Pawłowicz postanowiła także przyjrzeć się sloganom reklamowym niemieckiej sieci supermarketów Kaufland. Jej oburzenie wzbudziły hasła z wykorzystaniem zwrotu "nasze", a także "polskie produkty", "rodzimi dostawcy", co miało sugerować, że spółka jest polskim przedsiębiorstwem. Posłanka wysłała skargę do Urzędu Ochrony Konkurencji i Konsumentów, w której domagała się usunięcia "bezprawnie używanych słów" ze sloganów promocyjnych. O podjęciu działań w sprawie zmiany sposobu reklamowania się Kauflandu, informowała we wrześniu 2016 roku:
Naszymi "rodzimymi" 'Kauflandu' są - póki Polska nie jest niemieckim landem - niemieckie, a nie polskie produkty' - napisała. O tej nieuczciwej praktyce rynkowej niemieckiej sieci Kaufland podszywającej się dla zysku pod polskiego przedsiębiorcę, powiadomiłam Prezesa Urzędu Ochrony Konkurencji i Konsumentów.
Prezes UOKiK uznał zarzuty Krystyny Pawłowicz wobec niemieckiej firmy Kaufland Polska w związku "z bezprawnym posługiwaniem się przez tę firmę sloganami reklamowymi, sugerującymi nabywcom w Polsce, iż niemiecka firma Kaufland jest polskim przedsiębiorcą i sprzedaje głównie polskie produkty" - poinformowała na Facebooku 64-letnia posłanka, publikując list Marka Niechciała, prezesa UOKiK, z 30 stycznia 2017 roku.
Po interwencji Niechciała, Kaufland Polska zadeklarował zmianę haseł reklamowych. Sieć niemieckich marketów ma zaprzestać używania zwrotów "rodzime produkty", "polskie produkty" czy "rodzimi dostawcy". UOKiK podał, że dla Kauflandu deklaracja zmiany haseł nie jest jednoznaczna z przyznaniem się do naruszenia przepisów.

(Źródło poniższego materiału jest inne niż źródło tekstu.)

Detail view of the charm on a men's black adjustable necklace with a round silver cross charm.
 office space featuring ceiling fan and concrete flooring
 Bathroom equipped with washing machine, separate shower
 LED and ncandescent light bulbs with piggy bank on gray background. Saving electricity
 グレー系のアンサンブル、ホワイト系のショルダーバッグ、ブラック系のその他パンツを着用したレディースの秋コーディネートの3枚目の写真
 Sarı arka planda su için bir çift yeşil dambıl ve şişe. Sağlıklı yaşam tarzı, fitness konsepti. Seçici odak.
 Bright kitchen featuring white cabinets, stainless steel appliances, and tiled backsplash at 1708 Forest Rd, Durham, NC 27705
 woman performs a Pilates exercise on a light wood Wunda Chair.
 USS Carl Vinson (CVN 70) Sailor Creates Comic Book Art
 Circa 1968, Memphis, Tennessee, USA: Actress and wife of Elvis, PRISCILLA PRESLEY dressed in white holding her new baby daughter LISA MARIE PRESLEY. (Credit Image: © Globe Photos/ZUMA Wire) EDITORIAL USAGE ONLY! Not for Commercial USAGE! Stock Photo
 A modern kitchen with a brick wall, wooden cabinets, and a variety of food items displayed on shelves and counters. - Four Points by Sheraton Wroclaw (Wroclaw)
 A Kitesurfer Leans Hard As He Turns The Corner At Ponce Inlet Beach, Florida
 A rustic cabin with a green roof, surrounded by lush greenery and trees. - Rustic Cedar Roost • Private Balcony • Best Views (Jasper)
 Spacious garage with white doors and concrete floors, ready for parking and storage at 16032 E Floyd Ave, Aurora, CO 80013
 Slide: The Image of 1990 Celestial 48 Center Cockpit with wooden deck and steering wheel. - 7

Prezes urzędu w liście do poseł Pawłowicz wyraził nadzieję, że niemiecka sieć nie będzie już wprowadzać konsumentów w błąd, sugerując w reklamach, że jest polską firmą. Kaufland będzie mógł używać dotychczasowych zwrotów, ale wyłącznie w odniesieniu do polskich produktów lub do dostawców, z którymi współpracuje.